Wednesday, April 4, 2012

Perfect Pastimes: Books and Baseball

"No game in the world is as tidy and dramatically neat as baseball, with cause and effect, crime and punishment, motive and result, so cleanly defined."       Paul Gallico, sportswriter and novelist (The Poseidon Adventure) 




Enjoying the lawn at Hammond. Twins win!
 This spring I’ve been bouncing around Florida with my family, catching as many Grapefruit League games as I can before the inexplicable summer drought of professional baseball settles over the Orlando area. (We’re heading to Tampa to catch Twins vs. Rays later this month- that’s as close as it gets. No minor league team either. Really.)

We been to a few stadiums now. We’ve done bleacher seats, and we've done a beach blanket on the berm. We plop down somewhere, then someone sings the National Anthem and that’s it-- the outside world disappears, and a simpler universe unfolds as the home team runs on the field. 

That’s how it feels. Like cracking open a new book. Every game presents a new cast of characters, favorite heroes and villains. Pitching duals, rivalries, batting orders are subplots. Every inning is a new chapter. 

Mom and Dad. :)

"The game's isn't over until it's over." Yogi Berra, player and manager
    
Strategy makes for plot twists; a well-timed change-up, a bunt, a sacrifice fly— every action a potential game changer.   The story could climax with a three-run homer, or the unbeatable closer taking the mound.

Or say the game is a snoozer. Seven innings of watching your zombified home team getting blasted by a team with a killer lineup. But this is baseball, so you keep watching.
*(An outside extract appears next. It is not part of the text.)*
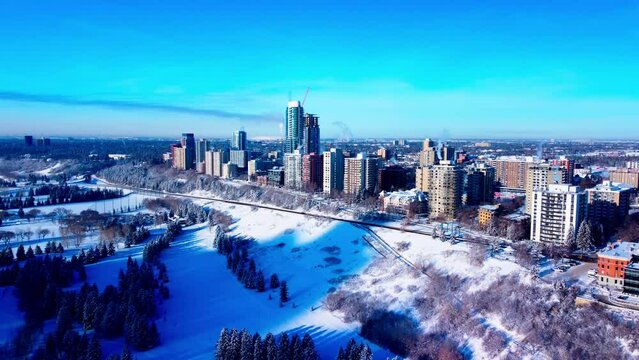 Aerial flyover birds view Victoria park snow covered towards the luxury residential downtown Westside residential buildings on the hilltop cliff edge stunning winter sunny blue clear sky afternoon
There's always a chance.   

"You can't sit on a lead and run a few plays into the line and just kill the clock. You've got to throw the ball over the god***n plate and give the other man his chance. That's why baseball is the greatest game of them all." Earl Weaver, Manager, Baltimore Orioles 

Two of my favorite kids with ATL's Cory Harrilchak

And vocabulary? I’d wager baseball has the finest collection of jargon on Earth. Baltimore chop, Fungo, Chin music, Balk, Screwball, Dugout… these words are just fun. Period.
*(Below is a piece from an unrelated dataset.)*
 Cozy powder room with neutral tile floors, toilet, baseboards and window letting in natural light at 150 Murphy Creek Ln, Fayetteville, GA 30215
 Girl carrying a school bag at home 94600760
Both favorite books and baseball can make me feel like a kid again. They’re both experiences that are fun to share. I relived the joy of The Monster at the End of this Book with my daughter, and I’ll probably re-read Charlotte’s Web with her when she’s a little older.
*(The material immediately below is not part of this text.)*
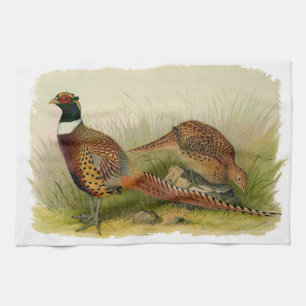A pair of Ring necked pheasants in a grassy field Tea Towel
These stories are a constant— just like watching a baseball game. Which, of course, leads me to this quote:

"They'll find they have reserved seats somewhere along one of the baselines, where they sat when they were children and cheered their heroes. And they'll watch the game and it'll be as if they dipped themselves in magic waters. The memories will be so thick they'll have to brush them away from their faces. People will come Ray. The one constant through all the years, Ray, has been baseball. America has rolled by like an army of steamrollers. It has been erased like a blackboard, rebuilt and erased again. But baseball has marked the time. This field, this game: it's a part of our past, Ray. It reminds of us of all that once was good and it could be again. Oh... people will come Ray. People will most definitely come."  
Terrance Mann, Field of Dreams

4 comments:

  1. I loved this! :) Amazing how we can relate everything to books. Thanks for sharing. I must Google Baltimore Chop.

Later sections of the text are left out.